Researchers have begun to shift their focus towards one of the next frontiers of large artificial intelligence (AI) models—the life sciences sector and novel protein design. In this context, BioMap, a global AI-driven life sciences company, promises with its state-of-the-art comparison tool to take novel protein generation to the next level.
Paradigm Shift
There are numerous parallels between human language and proteins, the so-called “language of life.” Just as words are formed from the 26 letters of the alphabet, proteins are coded by sequences of the 20 amino acids found in the human body.
Thanks to their remarkable command of natural language, large language models (LLMs) such as Open AI’s GPT-4 have already witnessed an incredible rise in popularity. Now, researchers have begun to shift their focus towards one of the next frontiers of large AI models—the life sciences sector and novel protein design.
Measuring Effectiveness
Large language models can understand and process vast amounts of complex data. This capability is not limited to linguistic information, but can also be applied to other fields, such as biological data at the level of genes, proteins and cells.
Just as AI can generate sentences and dialogue, it can also come up with innovative designs for novel proteins, each with specific properties.

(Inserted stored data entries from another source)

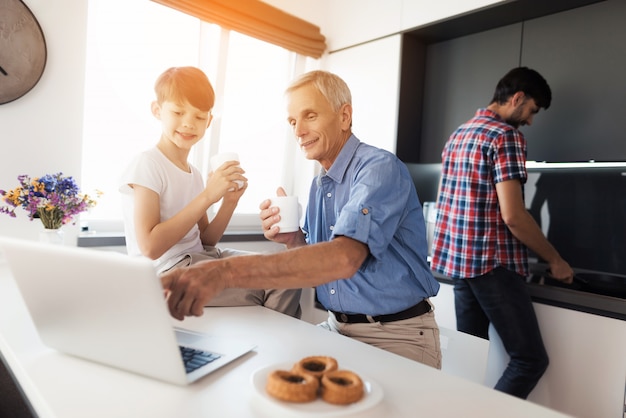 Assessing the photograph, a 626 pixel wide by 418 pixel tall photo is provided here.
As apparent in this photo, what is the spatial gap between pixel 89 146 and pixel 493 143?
190 centimetres

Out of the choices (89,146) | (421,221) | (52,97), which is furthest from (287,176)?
(421,221)

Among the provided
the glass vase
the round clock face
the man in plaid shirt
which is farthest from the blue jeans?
the round clock face

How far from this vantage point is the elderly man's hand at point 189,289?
0.75 m

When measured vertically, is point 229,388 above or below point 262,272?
below

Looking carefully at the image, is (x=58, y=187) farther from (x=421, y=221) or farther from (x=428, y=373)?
(x=428, y=373)

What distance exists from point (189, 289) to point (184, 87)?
2.66 feet

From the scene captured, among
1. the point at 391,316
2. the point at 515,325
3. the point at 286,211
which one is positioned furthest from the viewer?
the point at 515,325

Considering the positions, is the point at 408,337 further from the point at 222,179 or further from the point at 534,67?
the point at 534,67

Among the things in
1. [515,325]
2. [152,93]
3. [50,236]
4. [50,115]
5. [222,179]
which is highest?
[152,93]

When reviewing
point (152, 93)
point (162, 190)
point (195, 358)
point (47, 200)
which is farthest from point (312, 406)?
point (152, 93)

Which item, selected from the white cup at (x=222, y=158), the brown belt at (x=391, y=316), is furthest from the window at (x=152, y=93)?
the brown belt at (x=391, y=316)

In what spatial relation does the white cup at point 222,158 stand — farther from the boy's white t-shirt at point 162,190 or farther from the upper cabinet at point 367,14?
the upper cabinet at point 367,14

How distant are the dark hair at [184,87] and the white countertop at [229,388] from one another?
0.76m

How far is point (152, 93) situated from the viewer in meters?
2.38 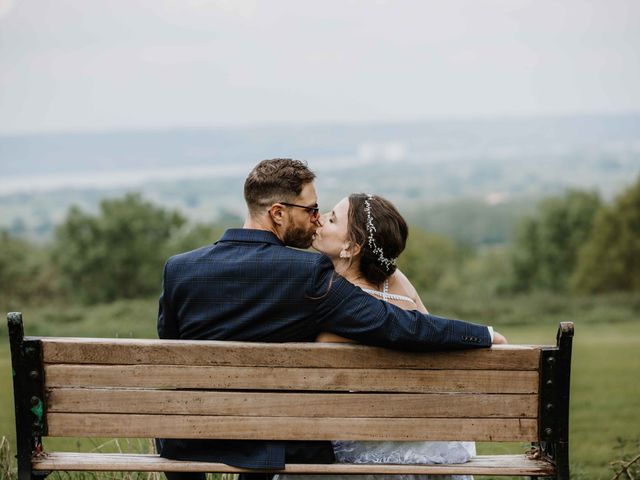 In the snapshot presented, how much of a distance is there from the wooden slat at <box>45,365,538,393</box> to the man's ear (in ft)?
1.98

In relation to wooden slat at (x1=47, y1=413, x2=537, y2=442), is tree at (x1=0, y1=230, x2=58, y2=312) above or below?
above

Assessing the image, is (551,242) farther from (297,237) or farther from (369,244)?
(297,237)

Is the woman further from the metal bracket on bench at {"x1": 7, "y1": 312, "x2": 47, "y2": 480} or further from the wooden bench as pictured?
the metal bracket on bench at {"x1": 7, "y1": 312, "x2": 47, "y2": 480}

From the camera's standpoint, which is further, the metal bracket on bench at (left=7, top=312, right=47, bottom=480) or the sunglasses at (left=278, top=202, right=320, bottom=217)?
the sunglasses at (left=278, top=202, right=320, bottom=217)

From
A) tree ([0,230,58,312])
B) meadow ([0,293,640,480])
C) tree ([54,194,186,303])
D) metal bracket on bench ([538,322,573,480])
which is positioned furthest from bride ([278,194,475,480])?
tree ([54,194,186,303])

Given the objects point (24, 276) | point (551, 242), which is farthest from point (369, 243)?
point (551, 242)

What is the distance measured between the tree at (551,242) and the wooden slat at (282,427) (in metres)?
22.9

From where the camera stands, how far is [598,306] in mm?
18828

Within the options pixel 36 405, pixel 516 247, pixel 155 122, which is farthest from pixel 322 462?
pixel 155 122

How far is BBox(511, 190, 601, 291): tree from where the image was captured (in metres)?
25.8

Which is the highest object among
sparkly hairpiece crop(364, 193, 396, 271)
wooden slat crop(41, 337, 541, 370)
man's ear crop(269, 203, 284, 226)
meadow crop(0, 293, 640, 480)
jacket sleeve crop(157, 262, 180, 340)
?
man's ear crop(269, 203, 284, 226)

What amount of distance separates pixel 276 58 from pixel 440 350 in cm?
6279

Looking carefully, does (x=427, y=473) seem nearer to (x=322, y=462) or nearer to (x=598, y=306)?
(x=322, y=462)

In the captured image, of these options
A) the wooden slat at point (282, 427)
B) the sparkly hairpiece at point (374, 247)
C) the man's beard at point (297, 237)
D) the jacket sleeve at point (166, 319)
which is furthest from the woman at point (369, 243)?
the jacket sleeve at point (166, 319) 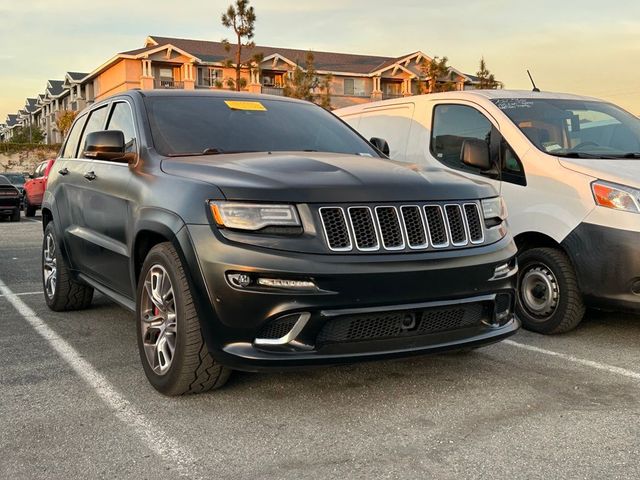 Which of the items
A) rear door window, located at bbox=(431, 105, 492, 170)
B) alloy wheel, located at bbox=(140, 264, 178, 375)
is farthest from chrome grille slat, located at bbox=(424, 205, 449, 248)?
rear door window, located at bbox=(431, 105, 492, 170)

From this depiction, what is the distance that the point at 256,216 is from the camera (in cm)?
335

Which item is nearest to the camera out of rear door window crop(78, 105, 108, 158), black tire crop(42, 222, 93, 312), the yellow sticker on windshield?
the yellow sticker on windshield

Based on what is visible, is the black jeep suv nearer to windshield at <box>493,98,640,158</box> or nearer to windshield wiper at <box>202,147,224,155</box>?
windshield wiper at <box>202,147,224,155</box>

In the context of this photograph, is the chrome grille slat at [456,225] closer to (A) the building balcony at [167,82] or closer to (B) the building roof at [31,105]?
(A) the building balcony at [167,82]

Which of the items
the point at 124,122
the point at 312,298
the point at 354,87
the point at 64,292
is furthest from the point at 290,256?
the point at 354,87

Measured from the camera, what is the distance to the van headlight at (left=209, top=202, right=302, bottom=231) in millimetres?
3340

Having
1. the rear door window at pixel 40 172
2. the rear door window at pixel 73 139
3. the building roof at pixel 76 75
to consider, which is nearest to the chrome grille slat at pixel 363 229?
the rear door window at pixel 73 139

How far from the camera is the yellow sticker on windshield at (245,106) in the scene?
4.88 metres

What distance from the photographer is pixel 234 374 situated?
13.5 feet

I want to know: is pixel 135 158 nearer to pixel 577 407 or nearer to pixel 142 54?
pixel 577 407

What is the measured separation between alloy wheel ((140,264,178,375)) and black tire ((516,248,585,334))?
283cm

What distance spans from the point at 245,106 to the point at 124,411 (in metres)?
2.28

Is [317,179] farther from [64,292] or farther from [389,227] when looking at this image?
[64,292]

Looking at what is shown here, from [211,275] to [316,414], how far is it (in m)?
0.90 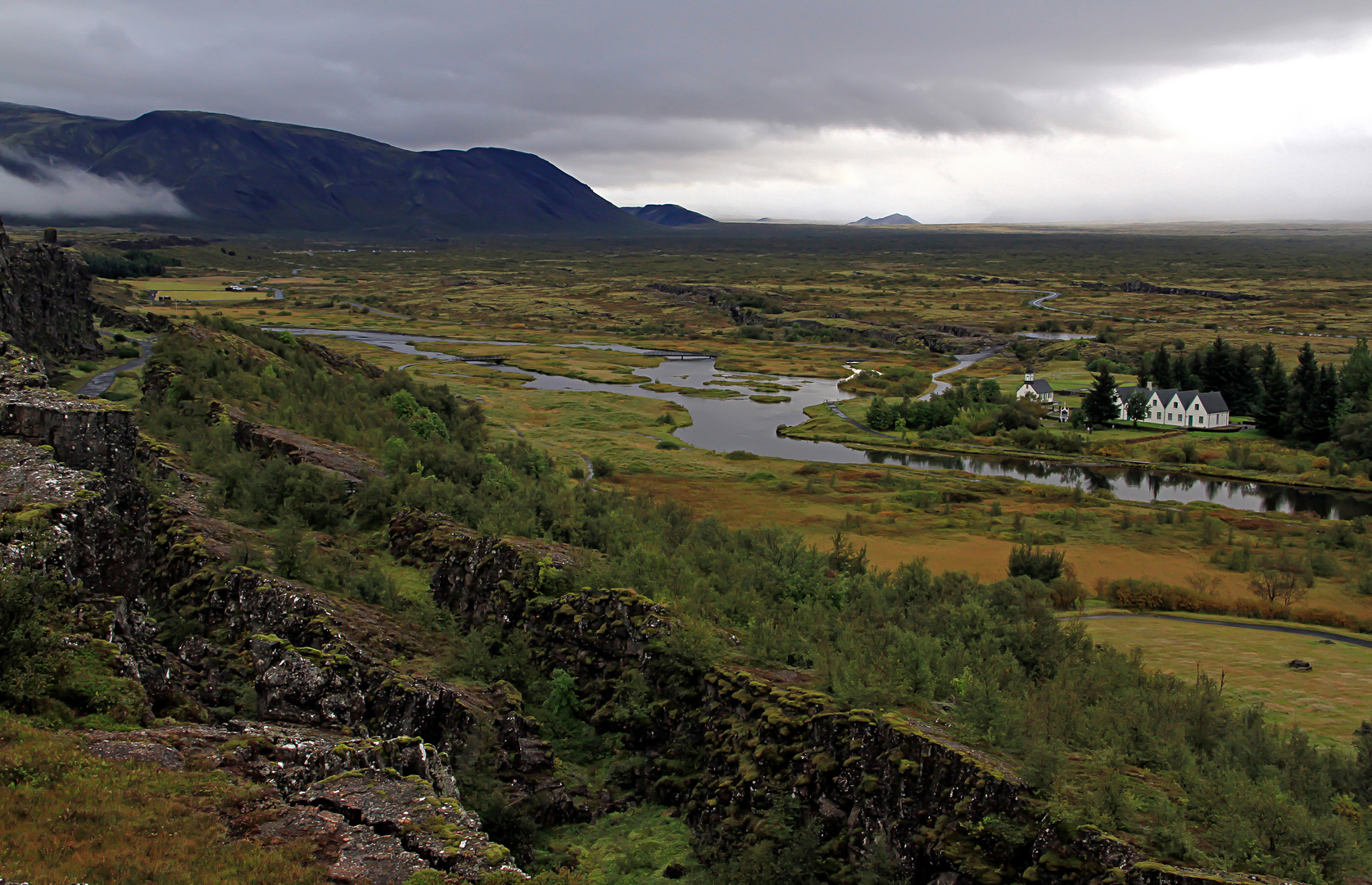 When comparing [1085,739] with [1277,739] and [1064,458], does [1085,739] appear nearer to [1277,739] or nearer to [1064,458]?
[1277,739]

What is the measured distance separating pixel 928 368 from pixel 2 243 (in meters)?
96.8

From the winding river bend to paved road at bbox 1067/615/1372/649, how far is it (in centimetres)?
2807

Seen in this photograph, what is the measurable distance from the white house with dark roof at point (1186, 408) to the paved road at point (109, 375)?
7945cm

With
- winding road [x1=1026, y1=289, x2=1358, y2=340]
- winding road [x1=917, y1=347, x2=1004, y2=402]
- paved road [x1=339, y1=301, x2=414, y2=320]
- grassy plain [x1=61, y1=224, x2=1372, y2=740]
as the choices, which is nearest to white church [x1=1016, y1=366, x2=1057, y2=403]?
grassy plain [x1=61, y1=224, x2=1372, y2=740]

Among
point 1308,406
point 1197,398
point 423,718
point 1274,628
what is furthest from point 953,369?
point 423,718

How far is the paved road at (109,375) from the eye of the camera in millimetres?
36216

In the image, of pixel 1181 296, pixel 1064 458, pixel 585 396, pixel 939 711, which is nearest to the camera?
pixel 939 711

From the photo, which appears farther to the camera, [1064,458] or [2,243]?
[1064,458]

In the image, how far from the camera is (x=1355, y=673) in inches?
1075

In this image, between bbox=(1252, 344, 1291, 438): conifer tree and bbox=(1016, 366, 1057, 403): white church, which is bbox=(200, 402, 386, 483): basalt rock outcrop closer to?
bbox=(1016, 366, 1057, 403): white church

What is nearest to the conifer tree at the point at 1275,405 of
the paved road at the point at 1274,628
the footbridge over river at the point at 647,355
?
the paved road at the point at 1274,628

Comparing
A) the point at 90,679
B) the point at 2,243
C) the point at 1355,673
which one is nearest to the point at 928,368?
the point at 1355,673

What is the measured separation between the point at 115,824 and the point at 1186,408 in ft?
302

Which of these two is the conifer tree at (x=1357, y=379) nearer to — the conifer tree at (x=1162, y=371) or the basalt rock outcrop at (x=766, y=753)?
the conifer tree at (x=1162, y=371) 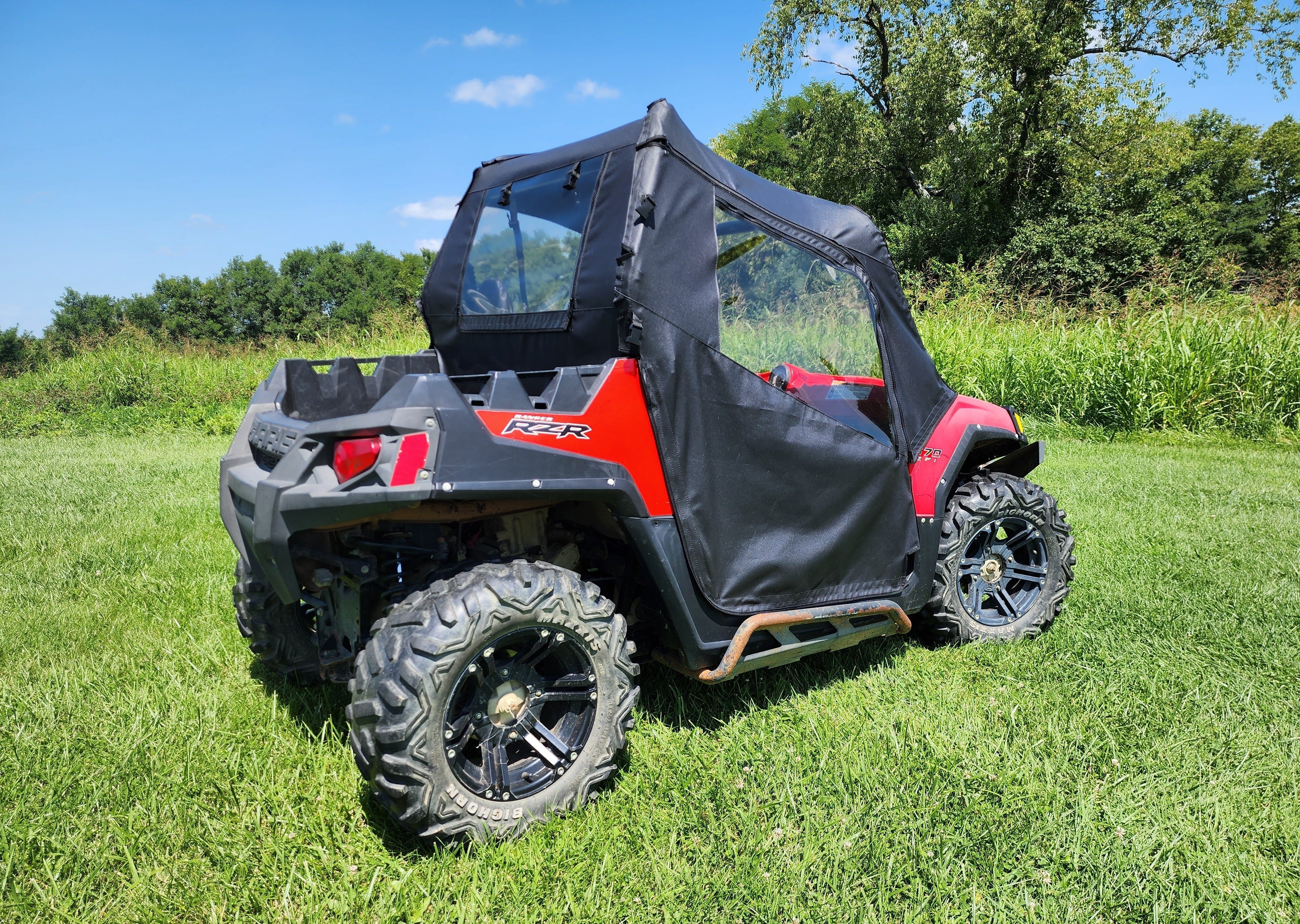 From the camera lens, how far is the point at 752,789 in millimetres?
2705

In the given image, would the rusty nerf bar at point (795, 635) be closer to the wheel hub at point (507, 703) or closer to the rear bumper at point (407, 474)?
the wheel hub at point (507, 703)

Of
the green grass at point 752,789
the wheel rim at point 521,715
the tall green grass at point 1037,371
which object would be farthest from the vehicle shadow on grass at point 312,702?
the tall green grass at point 1037,371

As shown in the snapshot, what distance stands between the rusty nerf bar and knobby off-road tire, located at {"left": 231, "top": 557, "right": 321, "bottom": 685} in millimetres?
1462

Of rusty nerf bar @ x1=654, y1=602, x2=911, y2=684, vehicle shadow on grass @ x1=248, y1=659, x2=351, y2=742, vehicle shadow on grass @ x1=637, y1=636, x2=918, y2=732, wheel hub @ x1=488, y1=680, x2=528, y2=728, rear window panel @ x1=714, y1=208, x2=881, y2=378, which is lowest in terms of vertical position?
vehicle shadow on grass @ x1=637, y1=636, x2=918, y2=732

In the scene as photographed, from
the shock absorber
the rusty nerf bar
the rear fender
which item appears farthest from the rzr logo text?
the rear fender

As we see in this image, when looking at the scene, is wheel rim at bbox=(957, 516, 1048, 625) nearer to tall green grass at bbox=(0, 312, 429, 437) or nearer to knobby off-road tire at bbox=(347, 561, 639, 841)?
knobby off-road tire at bbox=(347, 561, 639, 841)

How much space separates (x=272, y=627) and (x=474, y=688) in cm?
120

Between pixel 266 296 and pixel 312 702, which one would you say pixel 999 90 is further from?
pixel 266 296

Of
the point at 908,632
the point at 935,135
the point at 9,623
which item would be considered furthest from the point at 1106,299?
the point at 9,623

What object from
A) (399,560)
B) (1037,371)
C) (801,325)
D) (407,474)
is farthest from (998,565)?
(1037,371)

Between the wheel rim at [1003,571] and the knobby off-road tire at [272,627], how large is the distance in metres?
2.99

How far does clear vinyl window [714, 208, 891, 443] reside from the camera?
3.01 meters

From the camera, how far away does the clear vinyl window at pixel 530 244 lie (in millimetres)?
3080

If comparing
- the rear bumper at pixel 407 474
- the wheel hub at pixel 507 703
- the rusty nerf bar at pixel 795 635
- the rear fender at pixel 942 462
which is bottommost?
the rusty nerf bar at pixel 795 635
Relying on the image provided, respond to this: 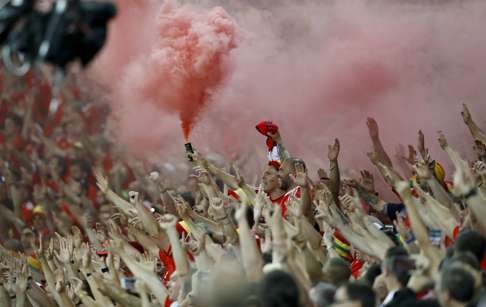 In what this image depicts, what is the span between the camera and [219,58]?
996 cm

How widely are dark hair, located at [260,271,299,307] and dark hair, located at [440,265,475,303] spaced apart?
1.83 feet

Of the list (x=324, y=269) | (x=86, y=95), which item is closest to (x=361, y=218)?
(x=324, y=269)

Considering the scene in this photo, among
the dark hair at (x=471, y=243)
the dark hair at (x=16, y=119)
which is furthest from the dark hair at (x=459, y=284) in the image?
the dark hair at (x=16, y=119)

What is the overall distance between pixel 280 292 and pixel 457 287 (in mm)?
654

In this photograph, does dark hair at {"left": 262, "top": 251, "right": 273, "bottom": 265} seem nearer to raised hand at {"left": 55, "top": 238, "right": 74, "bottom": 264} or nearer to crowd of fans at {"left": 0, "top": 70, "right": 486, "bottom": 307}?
crowd of fans at {"left": 0, "top": 70, "right": 486, "bottom": 307}

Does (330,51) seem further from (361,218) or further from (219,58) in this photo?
(361,218)

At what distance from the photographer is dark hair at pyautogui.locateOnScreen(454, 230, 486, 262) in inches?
205

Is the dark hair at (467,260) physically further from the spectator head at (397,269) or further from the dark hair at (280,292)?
the dark hair at (280,292)

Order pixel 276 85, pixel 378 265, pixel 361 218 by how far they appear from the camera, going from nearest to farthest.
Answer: pixel 378 265 < pixel 361 218 < pixel 276 85

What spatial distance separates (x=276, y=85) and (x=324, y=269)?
4.68m

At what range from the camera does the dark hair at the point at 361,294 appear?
4648mm

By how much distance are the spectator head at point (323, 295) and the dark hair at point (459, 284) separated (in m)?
0.52

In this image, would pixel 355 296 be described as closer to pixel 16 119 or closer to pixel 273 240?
pixel 273 240

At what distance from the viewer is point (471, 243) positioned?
5219 mm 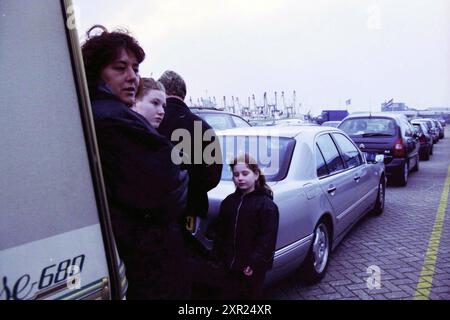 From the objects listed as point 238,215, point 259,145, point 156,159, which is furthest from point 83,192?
point 259,145

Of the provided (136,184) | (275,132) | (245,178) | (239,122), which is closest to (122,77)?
(136,184)

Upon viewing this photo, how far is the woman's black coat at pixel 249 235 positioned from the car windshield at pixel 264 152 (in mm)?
637

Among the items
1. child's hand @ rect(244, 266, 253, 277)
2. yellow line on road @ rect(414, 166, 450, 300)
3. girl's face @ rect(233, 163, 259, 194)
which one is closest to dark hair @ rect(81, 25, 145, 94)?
girl's face @ rect(233, 163, 259, 194)

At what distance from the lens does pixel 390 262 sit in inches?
156

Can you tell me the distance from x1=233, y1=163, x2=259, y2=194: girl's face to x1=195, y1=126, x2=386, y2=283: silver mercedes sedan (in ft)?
0.76

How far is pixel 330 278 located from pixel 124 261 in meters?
2.68

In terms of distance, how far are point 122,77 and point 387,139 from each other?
25.3 ft

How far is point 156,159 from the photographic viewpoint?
1.47 meters

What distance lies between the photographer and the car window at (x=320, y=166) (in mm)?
3641

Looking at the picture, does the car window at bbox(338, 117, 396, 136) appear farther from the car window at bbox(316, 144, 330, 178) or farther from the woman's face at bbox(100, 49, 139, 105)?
the woman's face at bbox(100, 49, 139, 105)

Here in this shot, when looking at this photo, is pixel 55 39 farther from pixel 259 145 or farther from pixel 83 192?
pixel 259 145

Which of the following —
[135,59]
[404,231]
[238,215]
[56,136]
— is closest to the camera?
[56,136]

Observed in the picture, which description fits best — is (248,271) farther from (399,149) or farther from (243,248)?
(399,149)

This, in turn, offers exciting new possibilities for the creation of cutting-edge therapeutics, such as next-generation antibodies and biologics and breakthrough treatments in complex disease areas such as immuno-oncology.
As large life science models emerge and develop, however, finding objective and accurate ways of measuring their effectiveness is becoming increasingly important. Tools for such evaluation not only help to provide reliable performance benchmarks and identify areas for improvement but also encourage competition that spurs on AI development.
While many other fields have well-accepted evaluation metrics—such as GLUE/SuperGLUE in natural language processing—there is currently no such tool in the field of life sciences.
Pioneering Platform
BioMap is a global AI-driven life sciences company working to accelerate novel drug discovery, with Baidu CEO Robin Li at the helm as chairman. The company, which is pioneering the development of AI foundation models for life science research, has just launched the Life Science Leaderboard—the first comparison tool enabling users to explore and evaluate the performance of AI models specifically tailored for life sciences.
Vicky Qu, BioMap’s Vice President of Strategy & Business Development, explained:
“The platform covers more than 25 of the most representative and cutting-edge protein design tasks, including antibody structure, antibody function, drug development, disease treatment, cytology research and other related fields.
The overall aim is to foster a collaborative environment for experts in large models by providing an open communication platform where they can share tasks and data.”
State-of-the-Art Comparison
The Life Science Leaderboard allows those in the life science industry to compare their AI foundation models to the performance of BioMap’s own model, called “xTrimo”—short for Cross-modal Transformer Representation of Interactome and Multi-Omics.
xTrimo has achieved SOTA (State-of-the-Art) performance in more than 25 life science tasks on the leaderboard and is capable of comprehending crucial principles governing protein formation, functional realization and interaction mechanisms across species boundaries, as well as diverse forms of life formation.
Trained on meticulously curated proprietary datasets from BioMap’s own repository, xTrimo is continuously evolving and is the first life science model to hit 100+ billion parameters. Vicky Qu said:
“Our reason for publishing the leaderboard is not only to attract more clients, but also to establish a continually updated, cutting-edge benchmark for the industry.
We also want to benefit society as a whole by donating data that is generated in-house by BioMap.”
Real-World Applications
By providing new insights into the natural language of life, next-generation AI models could provide innovative new solutions to some of the most complex life science problems.
The ability to come up with new proteins on demand promises to radically alter protein science—the possibilities for chemical biology, model systems and eventually outright therapeutics are so numerous that it’s hard to even know where to start.
Vicky Qu added:
“From discovering novel therapies for currently untreatable diseases to optimizing enzymes for the enhancement of industrial processes, AI in protein design has enormous potential to improve health and environmental outcomes for both patients and the planet.”